The disheveled mess on the table mirrored the chaos within my heart. My life no longer made sense. I stared blankly at the clutter, trying to gather my thoughts. The chill of the early morning made the table cold to the touch as I gathered the bills into a pile. The rancid taste of coffee on my tongue reminded me of the bitterness that had penetrated my soul. I tried to hide my misery from the kids by forcing the happiness inward. I pasted a smile on my face each morning and attempted to force the cheerfulness it belied down through the skin to my heart. It wasn’t working. My spirit was like a deflated balloon.

It had been a banner year for our household. Changes in our lives came swiftly and unexpectedly; one crisis after another. First, there was ‘the accident’, which alone would have been enough to bring the strongest of heart to their knees. My husband’s accident resulted in a hospital stay that lasted for many months. He had narrowly escaped death. This tragic incident was quickly followed by dad’s cancer diagnosis, mom’s two open-heart surgeries within 11 months, and the house catching fire. It didn’t stop there, things continued to spiral downward. Before I could regain my balance, I learned my husband of 15 years had been involved with another woman before his accident, I found a lump in my breast, and our finances had bottomed out; in fact, the sheriff had recently posted a tax sale notice on our front door. In a little over a year, all of the security, happiness, and stability of our former lives was wiped away.
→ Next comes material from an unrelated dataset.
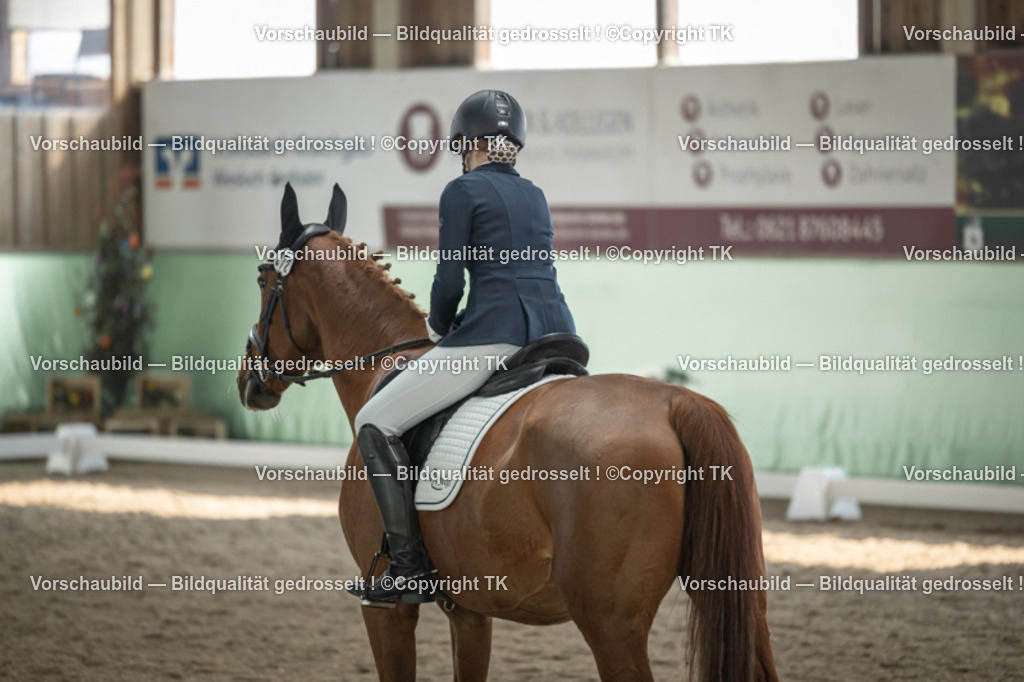 _D5A5775 | Emotionale Pferde- & People-Fotografie rund um Heidelberg, Leimen & Umgebung. Natürliche Fotos von Pferd, Mensch & Familie. Jetzt Termin sichern!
My thoughts turned to the day we brought my husband home from the hospital. The beaming sunshine on that hot summer day symbolized our high hopes. The jagged scar zigzagging across his skull from multiple brain surgeries was still prominent. The feeding tube tucked beneath his shirt and the skeletal skinniness did not deter our hope for a complete recovery. Propped in his wheelchair, I proudly pushed him through the maze of cars in our driveway to the front deck. Hand-painted signs were hung from the double-doors to our home, the scent of stain hung in the air from the newly stained deck. Family and friends were gathered to greet him like a soldier returning from war. The celebration was complete with pizza from his favorite local shop and cold drinks dispersed in coolers. Children were running about playing tag and baseball. Their laughter and squeals of delight reflected the happy mood of all those gathered. Adults were munching on the plentiful snacks and chattering, waiting for their turn to greet the solemn figure. Relief and gratefulness was etched on every face as they congratulated the wasted figure of the man they once knew.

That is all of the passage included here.